Note: The absolute value in the claim above was omitted by mistake in the first version of the question. The proof in the accepted answer still works mutatis mutandis.
I really haven't made much progress (and I feel like it should be fairly simple), but here my observations for what it's worth. Each path seems like a dead end...
Clearly $|\langle ABx,x\rangle| \le \Vert B\Vert \Vert x\Vert \Vert Ax\Vert$ and $\langle Ax,x\rangle \le \Vert x\Vert \Vert Ax\Vert$.
By the spectral theorem, $A$ and $AB$ both have an orthogonal basis of eigenvectors with real eigenvalues. Say, $\{e_i\}_{i=1}^n$ are orthonormal eigenvectors of $A$ with eigenvalues $\sigma_i>0$, and $\{f_i\}_i$ are orthonormal eigenvectors of $AB$ with eigenvalues $\lambda_i\in\Bbb R$. Then I can write for example $$ \langle ABx, x \rangle = \sum_{i} \lambda_i|\langle x, f_i\rangle|^2 = \sum_{i,j} \lambda_i\langle x, f_i\rangle\langle f_i, e_j\rangle\langle e_j, x\rangle, $$ $$ \langle Ax, x \rangle = \sum_{i} \sigma_i|\langle x, e_i\rangle|^2, $$ or several other variations of the above. The trouble with this approach is connecting it to $\Vert B\Vert$. I do have a characterization of what $B$ must look like for $AB$ to be self-dual. Let $T$ be the orthogonal matrix given by $Te_i = f_i$. Then let $B=CT^{-1} = CT^*$. We have $$ \langle Ce_i,e_j\rangle = \langle Bf_i,e_j\rangle = \frac{\lambda_i}{\sigma_j}\langle f_i,e_j\rangle, \quad\textrm{if }\sigma_j\ne0. $$ Also, $$ \langle Te_i,e_j\rangle = \langle e_i,f_j\rangle = \frac{\sigma_i}{\lambda_j}\langle e_i,Bf_j\rangle = 0 \quad\textrm{if }\sigma_i=0\land\lambda_j\ne0. $$ These are conditions on the entries of the matrices $C$ and $T$, and together with $T=T^*$, they completely characterize the possible matrices $B$.

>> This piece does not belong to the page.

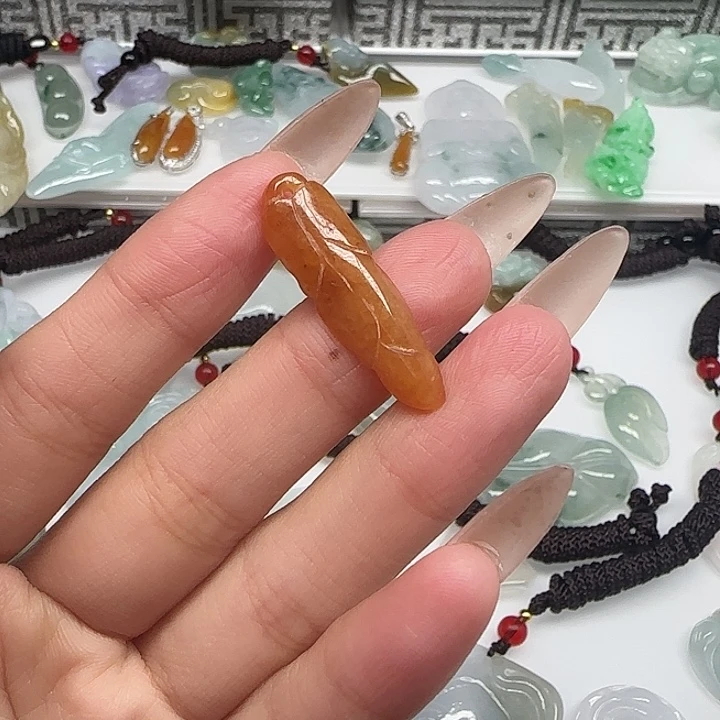 翡翠未镶嵌颈饰102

It is equivalent to prove that $A\|B\|-AB$ is positive semidefinite (since it is self-dual).
If $A$ is invertible, then it is equivalent to $A^{1/2}(\|B\|I -B)A^{1/2}$ has all nonnegative eigenvalues, and to prove it, it is sufficient that $x^*(\|B\|I-B)x\ge 0$ for every $x$, that is true for easy reasons.
If $A$ is not invertible, you can project onto its rank and reduce to the previous case. In fact, take the EVD $A=QDQ^*$ and call $C=Q^*BQ$. Notice that $DC=C^*D$ and the thesis becomes the same with $D,C$ instead of $A,B$ and $D$ is diagonal. Suppose WLOG that the zeros eigenvalues are all at the bottom of $D$, and they are $k$. Since $DC$ has the last $k$ rows equal to zero and it's self-adjoint, you can conclude that $DC$ has also the last $k$ columns equal to zero and thus $C = \begin{pmatrix}E&0\\*&*\end{pmatrix}$ where the zero submatrix has dimension $(n-k)\times k$. As a consequence, if $F$ is the maximal non-singular diagonal principal submatrix of $D$, $$x^*DCx = y^*FEy \qquad \|C\| x^*Dx \ge \|E\| y^*Fy $$ where $y$ is the truncation of $x$ and $F$ is now invertible, so we can reduce to the previous case.